What to choose, what we actually recommend, and what we would avoid.
The worktop is where your kitchen works hardest and where it gets looked at most. It is also one of the decisions that dates quickest if you get it wrong, and one of the most expensive to change later. Worth thinking through properly.
Engineered quartz is our most specified worktop material, and for good reason. It is consistent in colour and pattern, requires no sealing, handles everyday use well, and comes in hundreds of finishes from plain matt whites through to dramatic veined designs that mimic marble at a fraction of the cost and maintenance. Use a board and trivet for anything hot off the hob.
The brands we use, in the order we tend to specify them:
Natural stone, with each slab unique. Harder and more heat-resistant than quartz. Needs sealing roughly once a year, but handles day-to-day use well. We supply the Sensa range from Cosentino, which comes pre-treated with a protector that significantly reduces maintenance. If you want real stone without the upkeep of traditional granite, Sensa is a good answer.
Dekton, Laminam, and Neolith are ultra-resistant surfaces that are genuinely impervious to heat and very hard to scratch. We can supply all of them, but we do not tend to recommend sintered stone as a first choice for most kitchens. The reason is impact: a dropped cast iron pan can chip or crack a sintered surface, and the repair options are limited. For clients who cook heavily and want the most durable surface possible, it is worth considering. For most family kitchens, the practical advantages of quartz outweigh the headline durability of sintered stone.
Significantly underrated. Modern laminate worktops are a long way from the plastic-looking surfaces of 20 years ago. Good-quality laminate is a sensible choice for clients working to a tighter budget or prioritising spend elsewhere. Not suitable for wet areas around an undermount sink and will deteriorate if water sits at the edges long-term, but in the right context they perform well and look good.
Beautiful in the right kitchen, particularly as an island worktop set against painted cabinetry. Needs regular oiling and will mark with prolonged water and heat exposure. It works best in lower-traffic positions, such as an island used for prep and dining rather than the main washing-up area. Oak is the most popular species.
The single most-requested worktop finish we see is Calacatta-style white quartz with grey veining. It has been popular for four or five years and is not going anywhere. If you want that look, GQ Quartz delivers it at a more sensible price point than the premium brand names.
Use a trivet. Quartz is heat-resistant to a point, but a pan straight off the hob can leave a mark. The resin binders in engineered quartz are the weak point, not the stone itself. Granite handles heat better if that matters to you.
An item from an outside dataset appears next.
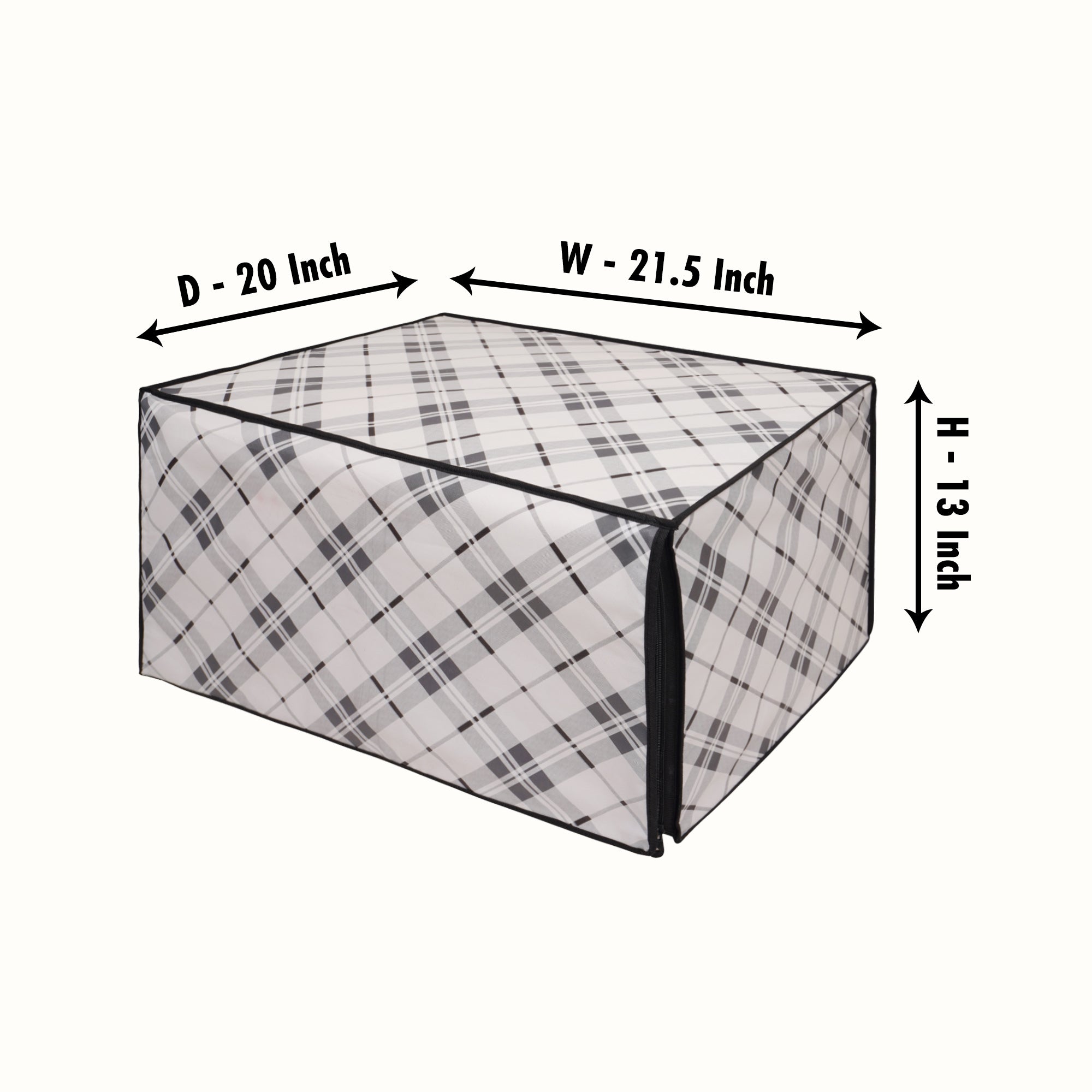 Microwave Oven Cover With Adjustable Front Zipper, CA07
Square edge or pencil round are the cleanest and most timeless choices. Bullnose and ogee profiles date quickly. If in doubt, go square.
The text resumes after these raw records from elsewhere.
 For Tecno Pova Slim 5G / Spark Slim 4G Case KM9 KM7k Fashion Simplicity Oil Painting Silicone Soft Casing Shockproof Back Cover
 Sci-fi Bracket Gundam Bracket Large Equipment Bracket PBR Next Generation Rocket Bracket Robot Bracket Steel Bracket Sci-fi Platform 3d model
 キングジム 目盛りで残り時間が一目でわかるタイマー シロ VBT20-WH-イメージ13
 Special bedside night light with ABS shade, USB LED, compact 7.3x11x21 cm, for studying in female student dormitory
Mixing has become popular, typically a stone worktop on perimeter units and a wood island. Done well it looks considered; done poorly it looks unresolved. We will advise based on your specific kitchen and colour choices.
20mm is standard. 30mm looks more substantial at the edge and suits farmhouse and traditional kitchens particularly well. The cost difference is modest relative to the visual impact, and we like to see the thicker profile in the right kitchen.
If you are putting a hob on top of a built under oven, check the thickness of the worktop is enough so that the top of the oven does not touch the bottom of the hob!